### What this task involves
Leaving out all pictures, repeat exactly the lines from the one that holds "盾牌货架存放架锹镐架铁锹架农具摆放架防暴叉装备物资军绿色货架 - 图1" to the last line of the entries below.

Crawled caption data
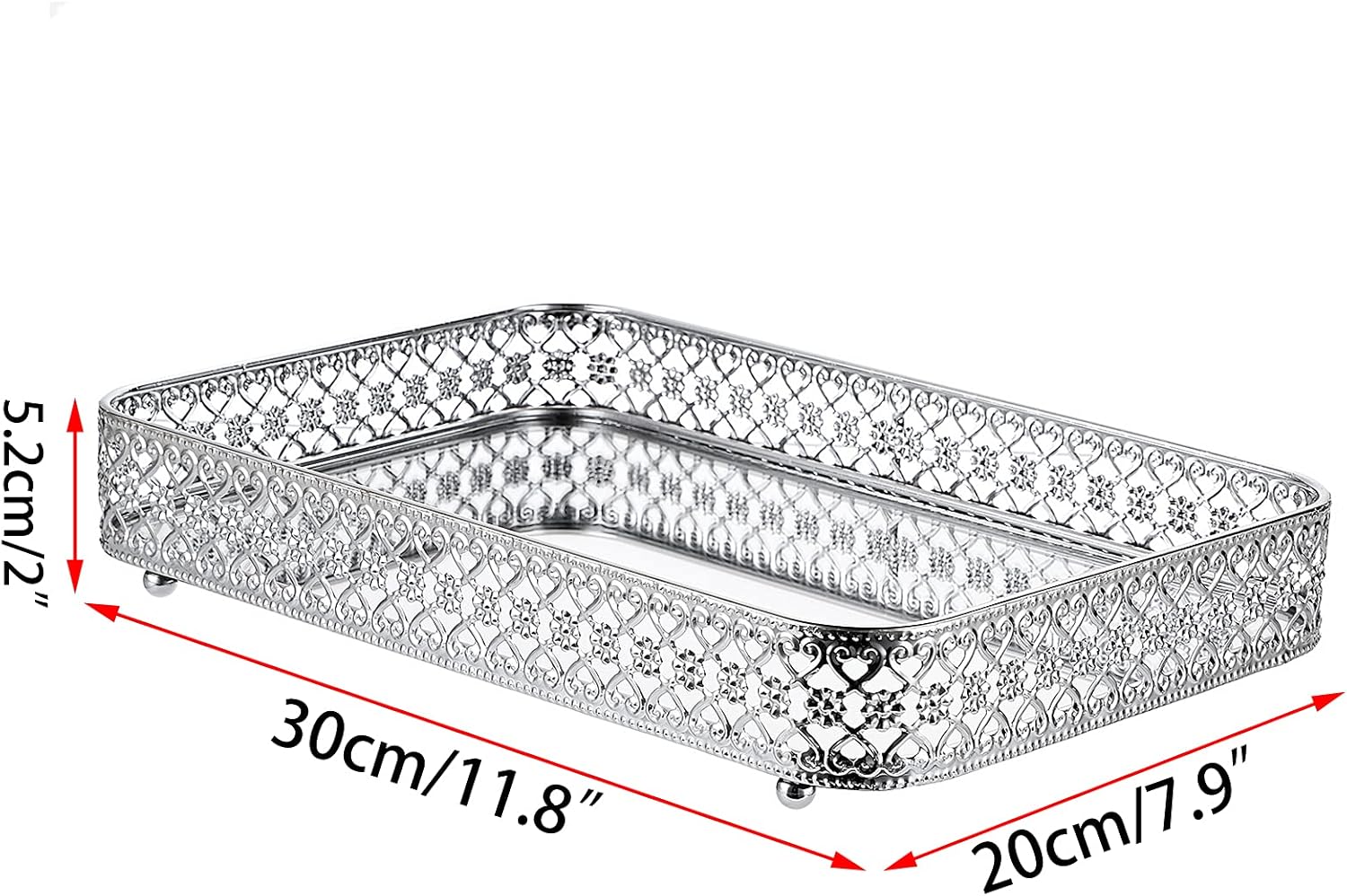 Perfume Mirror Tray Vanity Makeup Hollow-Carved Jewelry Organizer Glass / Silver / 11.8 x 7.9 x 2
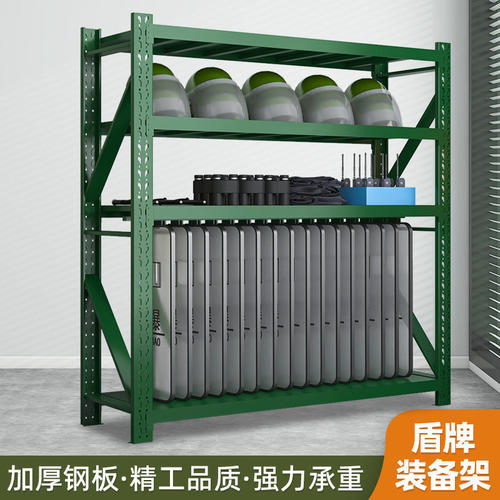 盾牌货架存放架锹镐架铁锹架农具摆放架防暴叉装备物资军绿色货架 - 图1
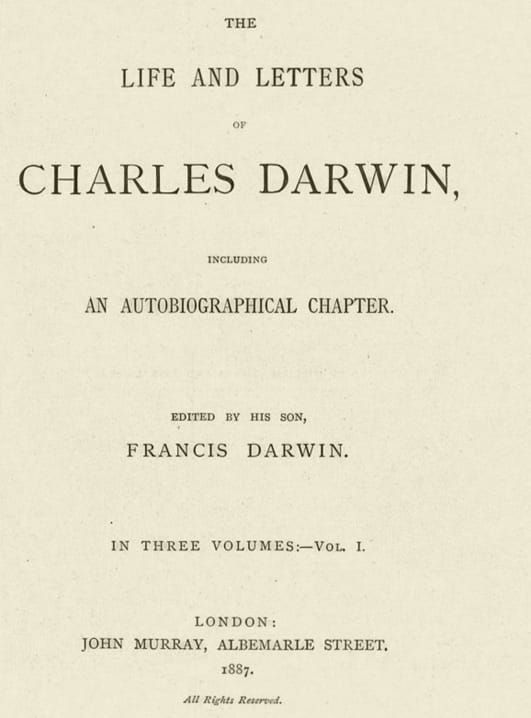 Image : Francis Darwin, La vie et les lettres de Charles Darwin (1887).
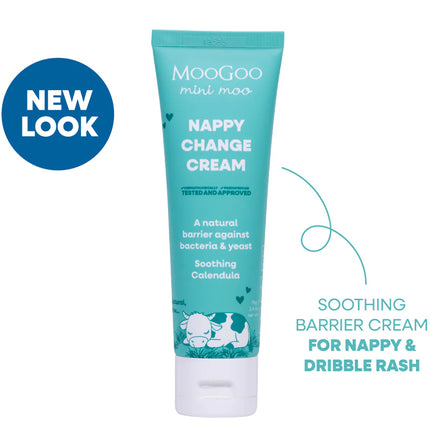 Moogoo Natural Nappy Balm tube on a striped background
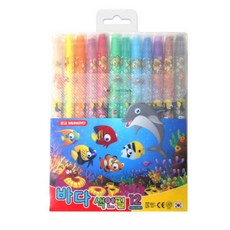 문교 바다 돌돌이 색연필, 2개, 12색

### Solution
 盾牌货架存放架锹镐架铁锹架农具摆放架防暴叉装备物资军绿色货架 - 图1
 Image : Francis Darwin, La vie et les lettres de Charles Darwin (1887).
 Moogoo Natural Nappy Balm tube on a striped background
 문교 바다 돌돌이 색연필, 2개, 12색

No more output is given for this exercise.